There are plenty of casual boo-outgroup swipes in here and I'm not presenting this as a neutral source. Instead, I think it's worth noting for two reasons. First, this is a relatively nuanced article for the NY Post. While it's obviously not written for people on the left, it's also not obviously aimed at extreme partisans on the right. It's a political topic that is covered in a way that looks (to me) like it's aimed at people who don't really bother much with politics. It's one example of how the topic of "thinking about we consume the news in the new digital age" is seeping in to more mainstream channels. Nothing in this article will be mindblowing revelation to any of us in this sub, but there's a much higher probability that it will turns some heads among people who aren't Extremely Online. Making more people aware that there is a problem brewing in how we share information/news seems to me like the beginning of getting more people on board with finding solutions. I'd love to see something like this re-written for a left-leaning equivalent of the NY Post.

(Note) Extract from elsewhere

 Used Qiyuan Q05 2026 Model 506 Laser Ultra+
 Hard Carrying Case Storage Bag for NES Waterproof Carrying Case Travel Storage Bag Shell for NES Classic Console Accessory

Second, while the article does provide a series of vignettes that illustrate new media failure modes, it does not mention how those failure modes are costing Society missed opportunities and lowered willingness to cooperate. For example, when the "kids in cages" narrative broke, there were plenty of people pointing out the suspicious lack of outrage about these "exact same" policies and situations happening under Obama. The point being that the people making noise about this now weren't complaining about it under Obama, therefore the complaints about Trump are purely partisan posturing. However, there were also replies to that line of argument that boiled down to "no, some of us have been complaining about this the whole time!" Both sides were correct and illustrate one of the biggest costs of the Culture War.

More concretely, there exists a subset of people for whom immigrant's rights (and/or human rights more generally) are something they care about and spend a lot of time thinking about, perhaps to the exclusion of other kinds of activism or political involvement. They may sympathize with other groups, like trans rights or 2nd amendment rights, but immigration is their thing and that's where they spend their time and energy. Those people have been complaining about "kids in cages" consistently since the issue arose, as well as arguing/debating about a host of other issues in this field (e.g., H1B abuse, programs for migrant workers, family visas, etc.). The "kids in cages" stuff was in their wheelhouse and they handled it exactly as they handle any other immigration issue. To an outside observer, the "kids in cages" stuff was one of a list of things this group cared about. Most of the time, these groups don't have much presence in the general public consciousness.

At the same time, there are other organizations whose primary function is to whip up partisan fervor in support of whatever the current legislative/cultural objective happens to be. When it's time to talk about health care, they focus on health care. When it's time to focus on gun control/rights, they focus on that. And when it's time to focus on immigration, they focus on that. At that point, the partisan fervor organization pushes into the spotlight the issues the small, dedicated group really cares about. Add a splash of outgroup homogeneity bias and voila, we have both "we've always been complaining about this!" and "you're only bothering with this because of Trump!" Everyone is right, everyone is frustrated, and Moloch is content.

Here's how this ties in to the missed opportunity I mentioned above. The AFP/Reuters is much more of a partisan fervor kind of organization in the sense that it doesn't have a narrow set of interests. It's not openly a political organization yet it tends to operate functionally as one, at least to the extent that they pretty clearly have their thumb on the scale. That leads them to pulling the "kids in cages" story when they think it damages their partisan ingroup, without seeming to think much about whether it helps or hurts the object level issue. I'd bet that the small, dedicated group would happily trade "massive improvement in detention centers" for "Trump gets a W in this news cycle."

Now imagine the alternate universe where the media environment is less broken. The AFP/Reuters publishes this same story, notes that it's from 2015, and decides to ping the small group for their thoughts instead of pulling the story. The small group gets the opportunity to say "This is a bipartisan issue and, as the UN report shows, was even going on under Obama. We think it's a systemic problem because [reasons], and here's how we can fix the system." In this scenario, the focus is much more on the object level, even though the partisans are still going to try to sling whatever mud they can find.

I recognize that this doesn't guarantee we'll actually end up with better results at the object level. My point is that AFP/Reuters unskillful handling of the story took better options off the table. It may even be that this move was the optimal game-theory decision. What I wanted to highlight is one way these kinds of actions create largely unseen opportunity cost in the Culture War. Is there any reasonable path out of this trap?